▶ _Try it_
Reproduce the listing exactly, with no pictures in your copy.

▶ _Recorded data_
##########

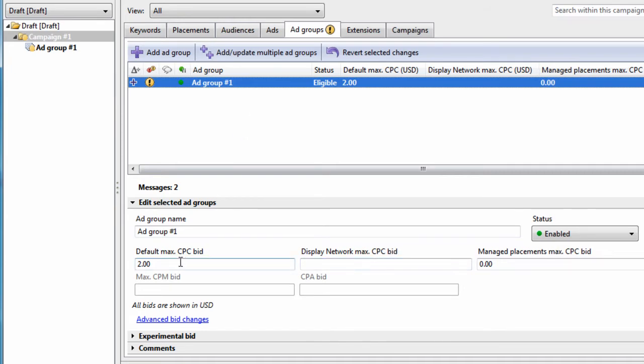If you're only going to advertise on the search network, you only need a max default bid here. You don't need a display bid.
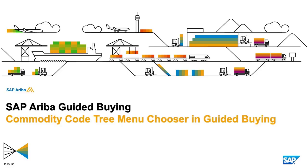Welcome to a self-service video. In this video, we're going to discuss and show how the commodity code or the category can appear within Guided Buying.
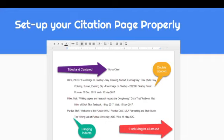Once you start moving on to the second and maybe even the third line of information in every citation entry, you should have what's known as a hanging indent. For example, the first entry has three lines — the first line is not indented, but the second and third lines are indented. The same applies to the other entries: the first line is not indented, but subsequent lines of information are.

##########

▶ _Response for this exercise_
If you're only going to advertise on the search network, you only need a max default bid here. You don't need a display bid.
Welcome to a self-service video. In this video, we're going to discuss and show how the commodity code or the category can appear within Guided Buying.
Once you start moving on to the second and maybe even the third line of information in every citation entry, you should have what's known as a hanging indent. For example, the first entry has three lines — the first line is not indented, but the second and third lines are indented. The same applies to the other entries: the first line is not indented, but subsequent lines of information are.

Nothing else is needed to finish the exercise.